This is the same as mine as inspired by Oswald

ldy #0:lda a:clc;7 cycles overhead
adc c:bcc +3:iny:clc;6/9 avg 7.5
adc e:bcc +3:iny:clc
...
sta r0:sty r1;6 cycles overhead

Total: 13+(n-1)*7.5, n is number of zp 8 bit numbers to be added to 16 bit result.
---------------
lft's suggestion (3)

ldy #0:lda a:clc;7
adc c:bcc +3:iny;6/7 avg 6.5
adc c:bcc +3:iny;note that carry wasn't reset so we falsely are +1
...
sty r1;save high byte of result
sec:sbc r1:sta r0;subract all the false carries for the low byte of result
;11

Total: 18+(n-1)*6.5

Note that (2) breaks even with (3) at n=5 or when 6 numbers are added together.
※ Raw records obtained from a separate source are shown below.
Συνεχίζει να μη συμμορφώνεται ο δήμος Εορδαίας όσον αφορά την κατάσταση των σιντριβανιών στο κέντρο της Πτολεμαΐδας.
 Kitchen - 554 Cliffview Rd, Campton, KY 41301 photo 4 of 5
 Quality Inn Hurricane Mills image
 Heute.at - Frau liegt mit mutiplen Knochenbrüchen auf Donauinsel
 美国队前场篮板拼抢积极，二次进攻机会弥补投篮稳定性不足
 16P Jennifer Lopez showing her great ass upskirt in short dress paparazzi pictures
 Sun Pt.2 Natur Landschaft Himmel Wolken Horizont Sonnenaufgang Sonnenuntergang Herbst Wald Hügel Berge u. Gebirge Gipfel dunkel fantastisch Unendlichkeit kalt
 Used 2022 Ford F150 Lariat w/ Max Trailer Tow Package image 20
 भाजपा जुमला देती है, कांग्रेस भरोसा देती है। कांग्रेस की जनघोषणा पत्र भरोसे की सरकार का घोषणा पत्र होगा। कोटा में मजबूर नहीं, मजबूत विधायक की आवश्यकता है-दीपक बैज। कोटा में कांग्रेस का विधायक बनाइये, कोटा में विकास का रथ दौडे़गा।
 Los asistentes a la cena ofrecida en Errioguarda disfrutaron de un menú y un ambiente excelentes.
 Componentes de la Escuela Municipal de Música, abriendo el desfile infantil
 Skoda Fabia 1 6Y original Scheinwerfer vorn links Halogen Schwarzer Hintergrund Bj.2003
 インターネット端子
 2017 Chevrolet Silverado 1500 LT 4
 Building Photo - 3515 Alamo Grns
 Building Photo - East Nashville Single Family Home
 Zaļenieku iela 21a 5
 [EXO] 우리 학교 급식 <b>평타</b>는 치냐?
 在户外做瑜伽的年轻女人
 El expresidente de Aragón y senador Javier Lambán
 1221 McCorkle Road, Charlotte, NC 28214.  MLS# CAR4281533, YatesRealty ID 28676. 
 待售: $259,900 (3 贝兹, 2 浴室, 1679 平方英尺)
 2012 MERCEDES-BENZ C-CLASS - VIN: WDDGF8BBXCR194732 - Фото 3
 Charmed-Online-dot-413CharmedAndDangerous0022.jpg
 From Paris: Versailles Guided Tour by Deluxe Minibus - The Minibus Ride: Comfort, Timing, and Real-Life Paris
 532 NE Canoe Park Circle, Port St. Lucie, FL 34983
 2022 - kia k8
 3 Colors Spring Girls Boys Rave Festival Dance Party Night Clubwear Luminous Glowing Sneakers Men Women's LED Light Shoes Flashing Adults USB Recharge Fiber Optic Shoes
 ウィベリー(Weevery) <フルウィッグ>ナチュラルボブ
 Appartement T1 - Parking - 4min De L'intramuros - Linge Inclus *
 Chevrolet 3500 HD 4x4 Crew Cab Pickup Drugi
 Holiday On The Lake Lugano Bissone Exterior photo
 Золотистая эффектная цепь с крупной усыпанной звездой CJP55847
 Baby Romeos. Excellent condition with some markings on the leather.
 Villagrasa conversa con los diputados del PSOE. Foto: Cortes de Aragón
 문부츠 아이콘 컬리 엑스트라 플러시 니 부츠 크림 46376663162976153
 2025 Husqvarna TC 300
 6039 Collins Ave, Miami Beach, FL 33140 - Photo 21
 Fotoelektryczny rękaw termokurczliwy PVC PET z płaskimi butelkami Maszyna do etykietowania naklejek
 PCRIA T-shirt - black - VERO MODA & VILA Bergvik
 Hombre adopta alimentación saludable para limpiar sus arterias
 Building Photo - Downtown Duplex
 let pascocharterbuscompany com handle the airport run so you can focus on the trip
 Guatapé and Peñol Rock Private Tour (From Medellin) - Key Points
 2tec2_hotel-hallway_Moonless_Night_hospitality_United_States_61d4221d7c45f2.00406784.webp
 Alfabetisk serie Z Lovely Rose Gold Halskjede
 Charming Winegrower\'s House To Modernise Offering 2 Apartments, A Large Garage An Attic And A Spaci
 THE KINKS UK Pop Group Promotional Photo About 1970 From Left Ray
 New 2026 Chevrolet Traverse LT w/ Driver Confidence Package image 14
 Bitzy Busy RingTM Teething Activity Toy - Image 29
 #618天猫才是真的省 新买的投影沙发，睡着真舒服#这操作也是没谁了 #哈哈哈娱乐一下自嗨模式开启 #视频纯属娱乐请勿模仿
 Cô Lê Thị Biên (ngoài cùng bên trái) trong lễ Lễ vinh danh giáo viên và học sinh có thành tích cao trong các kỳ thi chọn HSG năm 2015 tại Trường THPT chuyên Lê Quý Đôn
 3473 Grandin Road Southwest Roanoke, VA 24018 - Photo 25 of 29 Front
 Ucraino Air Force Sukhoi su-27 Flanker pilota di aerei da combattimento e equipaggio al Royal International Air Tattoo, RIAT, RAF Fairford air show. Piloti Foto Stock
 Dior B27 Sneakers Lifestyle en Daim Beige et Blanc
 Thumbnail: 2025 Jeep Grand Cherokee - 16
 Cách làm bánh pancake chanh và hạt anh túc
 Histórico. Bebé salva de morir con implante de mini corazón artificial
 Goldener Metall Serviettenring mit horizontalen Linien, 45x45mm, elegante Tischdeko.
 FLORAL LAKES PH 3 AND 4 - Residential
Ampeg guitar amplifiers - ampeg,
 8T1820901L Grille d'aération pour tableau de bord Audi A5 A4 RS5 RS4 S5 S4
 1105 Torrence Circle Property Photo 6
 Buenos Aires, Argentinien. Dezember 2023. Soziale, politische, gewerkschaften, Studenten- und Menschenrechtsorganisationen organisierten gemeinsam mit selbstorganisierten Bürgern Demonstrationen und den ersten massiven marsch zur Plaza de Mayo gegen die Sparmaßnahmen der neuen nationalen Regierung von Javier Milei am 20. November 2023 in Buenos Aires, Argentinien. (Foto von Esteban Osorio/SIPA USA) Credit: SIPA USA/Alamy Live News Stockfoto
With longer sequences, (3) is slightly faster.
---------------
CJ's suggestion (4)

This is a similar but expanded version of my (1)

lda n1;overhead 3
adc n2:bcc n1n2_0;7 per add if carry
clc
n1n2_1 adc n3:bcc n1n2n3_1
...
n1n2_0 adc n3:bcc ...;6 per add if no carry, avg 6.5
...
sta sum
lda #x:adc ...:sta sum+1;eqv. overhead is 13 to be almost exactly
like mine

Total: 13+(n-1)*6.5
can avg to (n-1)*5.5 if you use post correction.

---------------
My timer version (5)

overhead + (n-1)*5.5

Where the overhead is fairly big.

-----------
I only analyzed the low bytes, but it gives some idea of the approaches. (1)/(4) use a large amount of code and rely on the idea that the position in the code encodes the number of carries.

(2)/(3) use a register to track the carries and can be sped up over long runs by post correction of the low byte. The break-even point is at 6 numbers.

Finally (5) requires precise timing but can add long runs quickly. It's the same average speed as (4). It's up to you if you want to have huge code or short code but no screen or interrupts (screen timing could be factored out in some cases but not interrupts).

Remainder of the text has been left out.